Born in Berlin to an observant Jewish Orthodox family, he is the son of Lidi and Wolf, a merchant in the clothing business. At the age of 4, his family emigrated to Holland, and in 1942 they escaped the Nazis, becoming refugees in Switzerland. He was the first in his family to attend university, earning his Ph.D. in Nuclear Physics in 1961 from the technical university of Delft, via heavy ion scattering experiments carried out at the linear accelerator (Hilac) at Berkeley's Lawrence Radiation Laboratory, under the local supervision of Homer Conzett and the supervision at Delft of Aaldert. Wapstra.

In Amsterdam, he married Rosette Dasberg, and after some academic stops in Berkeley, Seattle, Boston and Paris, he joined the physics faculty at Tel Aviv University (TAU) in 1968, following an invitation by Yuval Ne'eman and Avivi Yavin. Rosette and Jonas have five children.

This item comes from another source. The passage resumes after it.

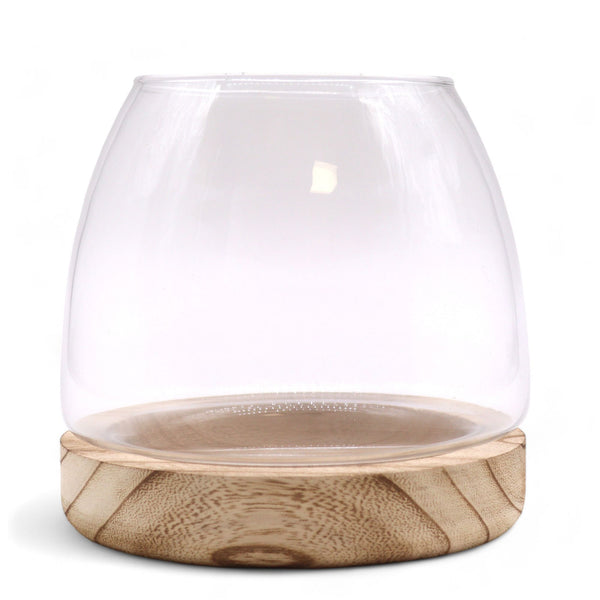 Glass Medium Terrarium on Natural Tungwood – front product view of glass terrarium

Along his scientific career Jonas, continued to observe the Jewish faith, study the Talmud, and actively participate in Jewish history courses at TAU. Jonas has high level language skills, speaking fluently English, Hebrew, German, Dutch, French, and Yiddish.

== Scientific career ==

Jonas is best known for his discovery at Los Alamos Scientific Laboratory (LASL) of the nuclear isovector giant monopole resonance, studied by the pion-nucleus charge exchange reaction. This discovery was made possible following his efforts with David Bowman, Helmut W. Baer, Martin Cooper and Murray Moinester et al. at LASL and TAU to help design and construct a high resolution neutral pion spectrometer for Nuclear Structure experiments. He also wrote an important review article with Jaime Warszawski on pion-nucleus charge exchange reactions, which discussed his studies of Isovector giant dipole resonances and isobaric analog states. With Homer Conzett, he was among the first to measure and develop theoretical descriptions of heavy ions elastic scattering. He is credited together with Eli Piasetzky, Alan Carroll et al., of the first direct observation at Brookhaven National Laboratory of two-nucleon short range correlations in nuclei using high momentum transfer hard (p,2p) knock-out scattering reactions. With Gerald Peterson, Murray Moinester, and Jechiel Lichtenstadt et al., he made significant contributions to Nuclear Structure via elastic and inelastic electron and alpha scattering, and via direct transfer pickup and stripping reactions. He also contributed with Bruce Barnett et al. at Canada's TRIUMF accelerator to determine neutron and proton radii in nuclei from low energy pion scattering. With Jechiel Lichtenstadt et al., at the Stanford Linear Accelerator Center (SLAC), via deep inelastic electron scattering, he made important contributions to measuring nucleon electric and magnetic form factors, as well as quark and gluon distributions in nucleons.